Aim of the task: The whole listing, please: repeat it exactly, with the pictures left out.

Record set:
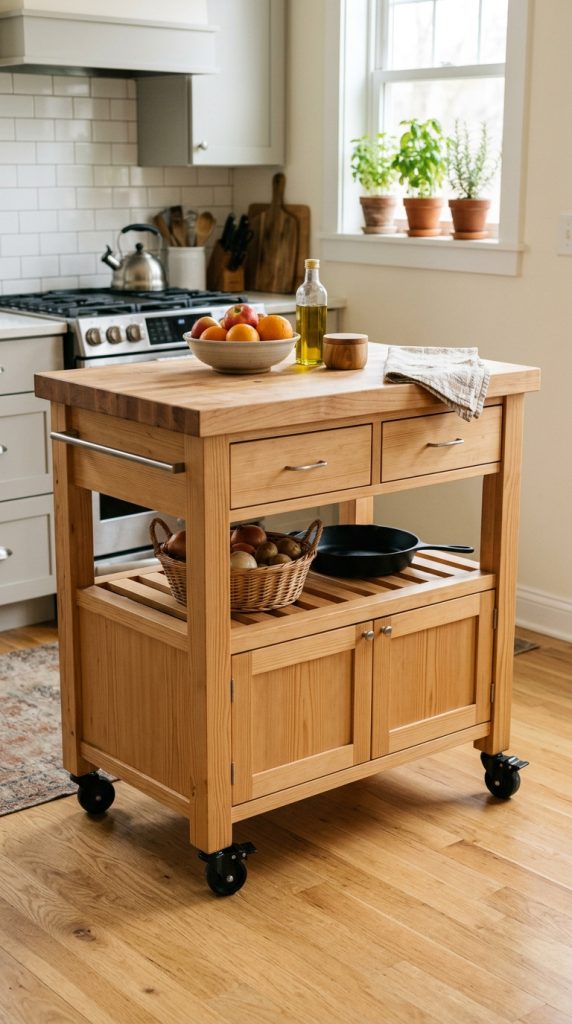 Freestanding Kitchen Cart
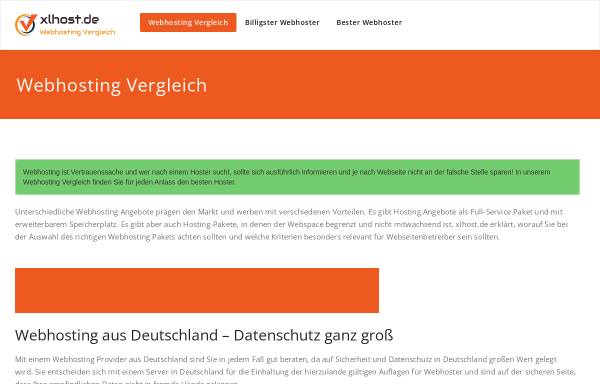 Vorschau von xlhost.de, XLhost.de GmbH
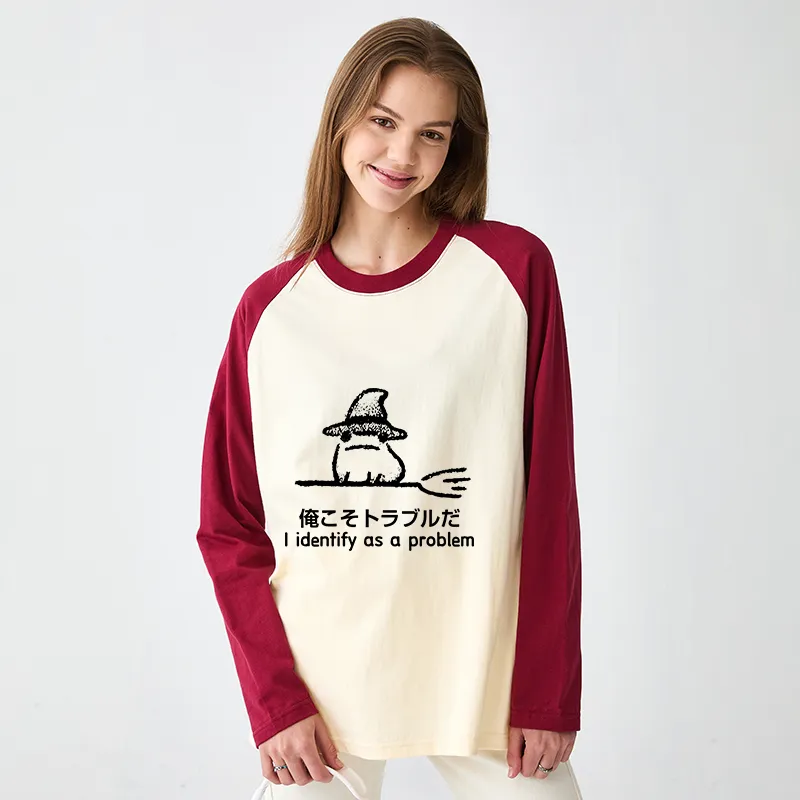 Tokyo-Tiger Mischief Magic Dude Raglan Long Sleeve T-shirt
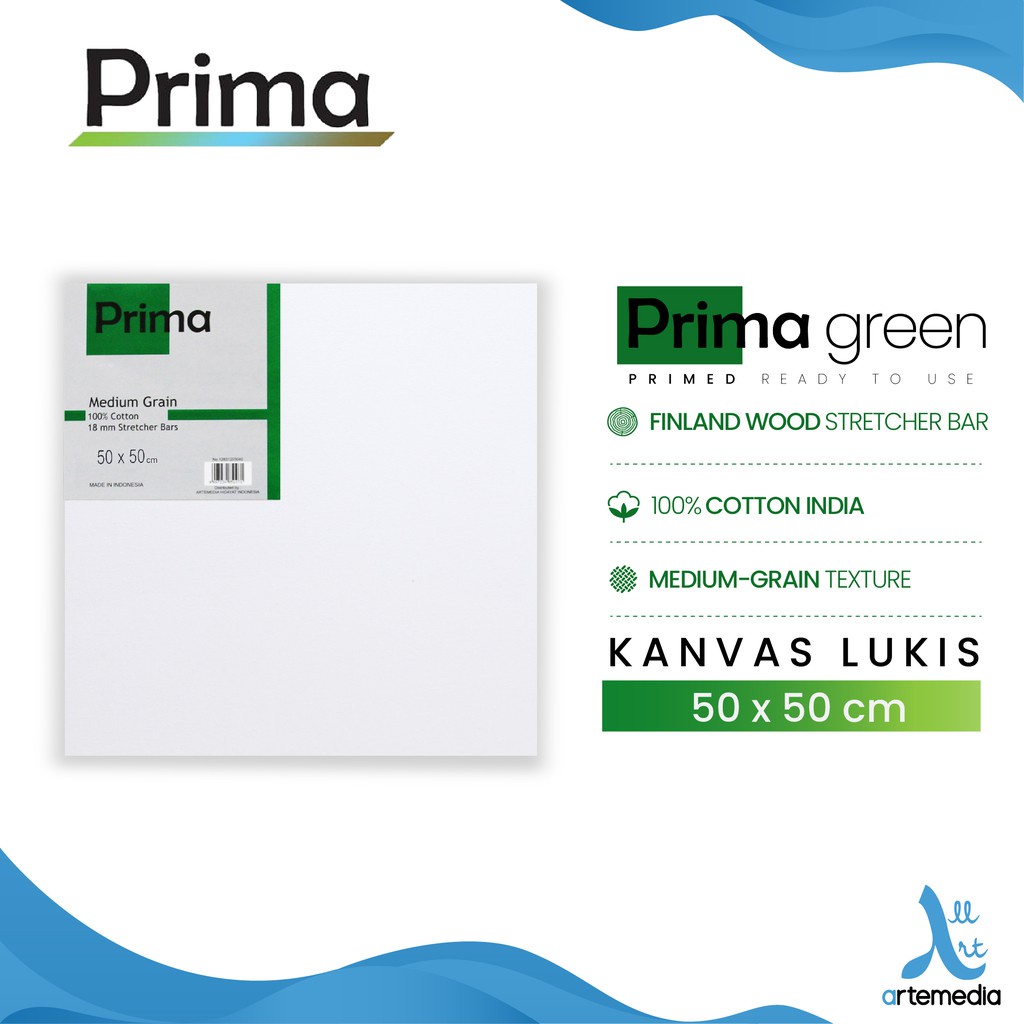 

Kanvas Lukis Prima Green 50x50cm Cotton Canvas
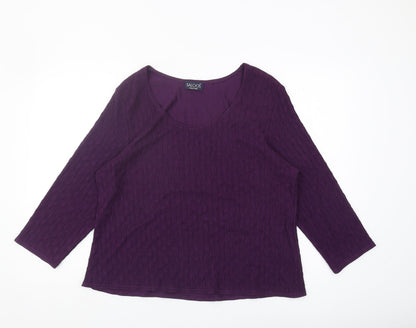 Womens UK Size XL Saloos Collection Purple Basic Blouse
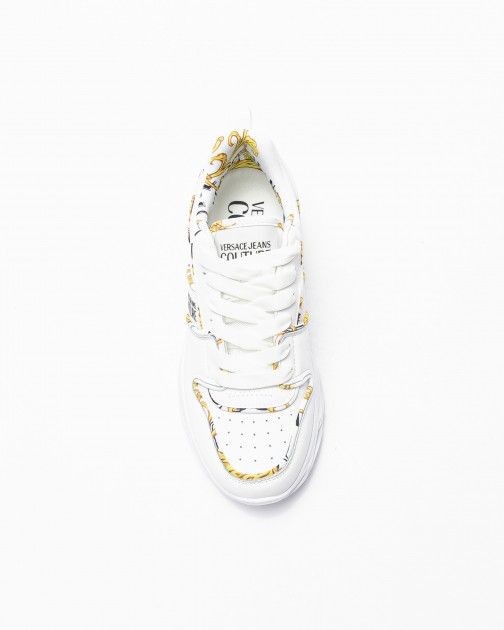 Versace Jeans Couture Fondo Court Trainers White | Mainline Menswear Ireland
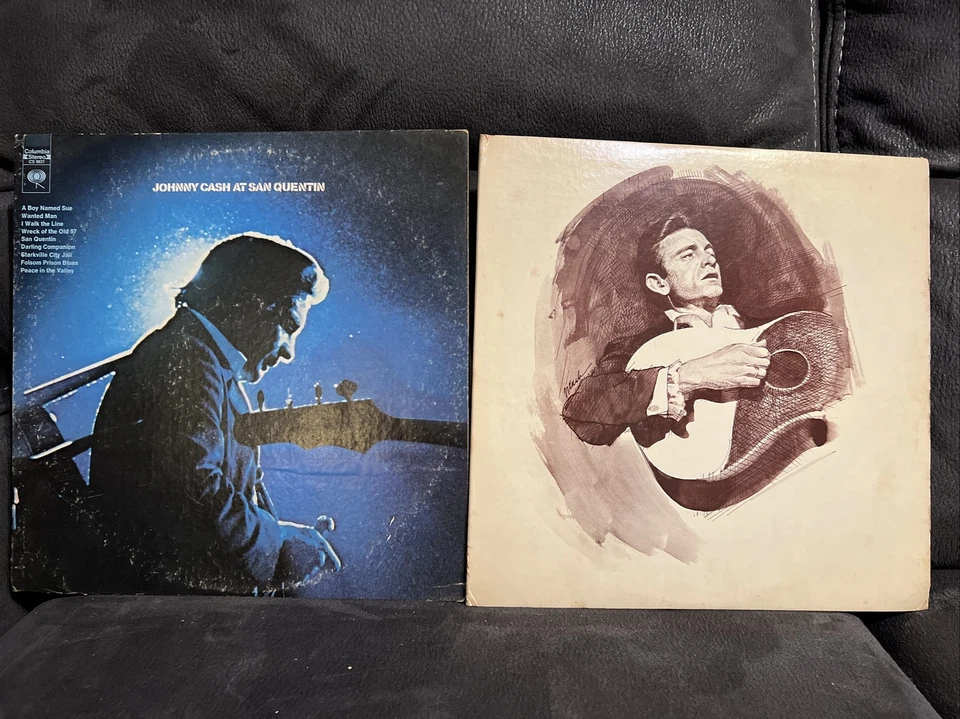 Lot 9x LPs JOHNNY CASH San Quentin LP-Eddy Arnold Best Of-Chet Atkins Solid Gold - Image 2 of 4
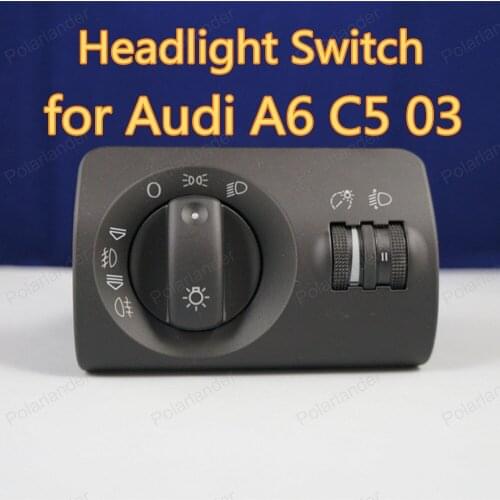 Polarlander Free Shipping Fog Head Light Lamp Repair Kit Cover for A/udi A6 C5 03 Headlight Switch 4B1941531f
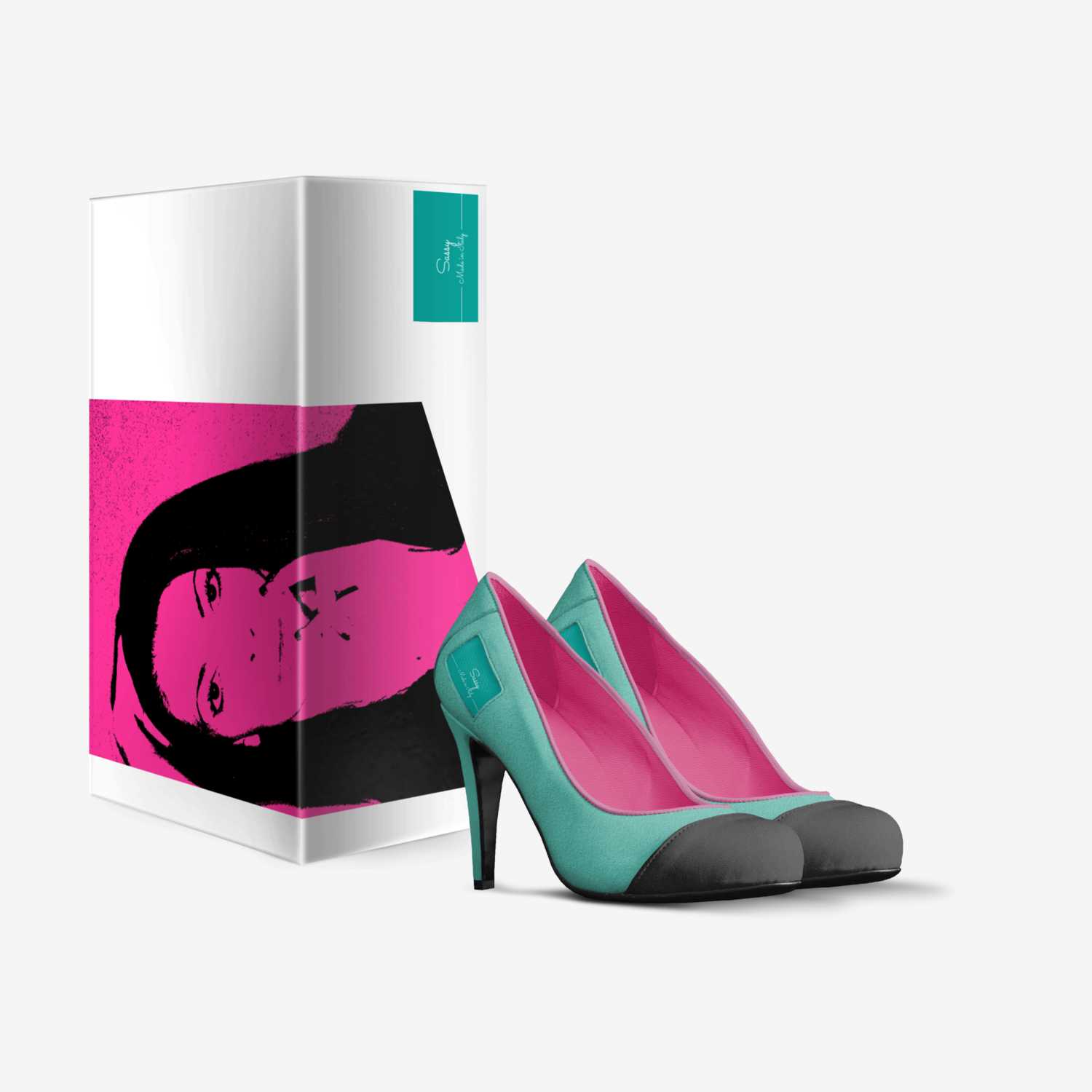 Sassy custom made in Italy shoes by Deanna Cortez | Box view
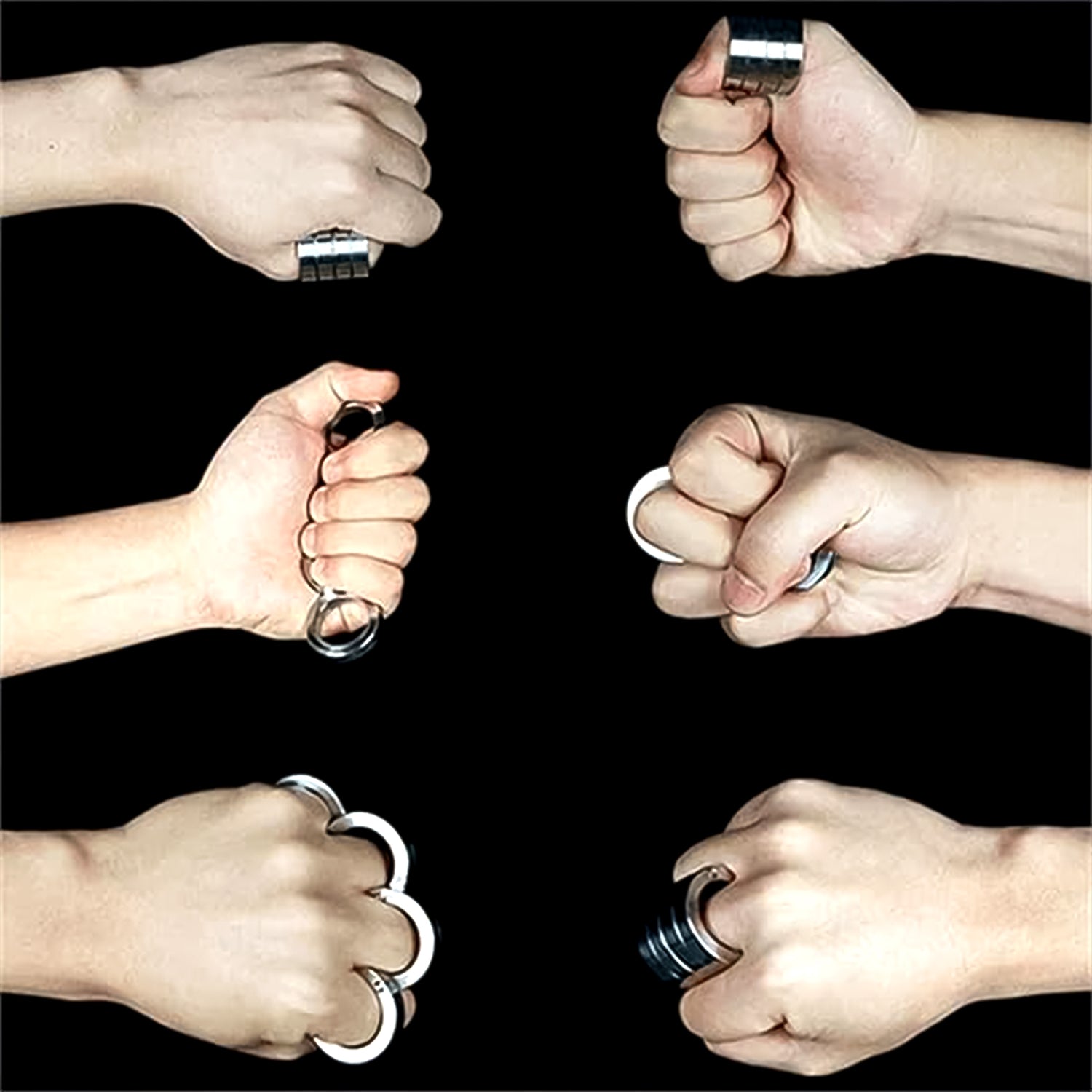 Portable 4 Finger Ring Unique Rotating Folding Ring (1 Set) - Springkart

Task solution:
 Freestanding Kitchen Cart
 Vorschau von xlhost.de, XLhost.de GmbH
 Tokyo-Tiger Mischief Magic Dude Raglan Long Sleeve T-shirt

Kanvas Lukis Prima Green 50x50cm Cotton Canvas
 Womens UK Size XL Saloos Collection Purple Basic Blouse
 Versace Jeans Couture Fondo Court Trainers White | Mainline Menswear Ireland
 Lot 9x LPs JOHNNY CASH San Quentin LP-Eddy Arnold Best Of-Chet Atkins Solid Gold - Image 2 of 4
 Polarlander Free Shipping Fog Head Light Lamp Repair Kit Cover for A/udi A6 C5 03 Headlight Switch 4B1941531f
 Sassy custom made in Italy shoes by Deanna Cortez | Box view
 Portable 4 Finger Ring Unique Rotating Folding Ring (1 Set) - Springkart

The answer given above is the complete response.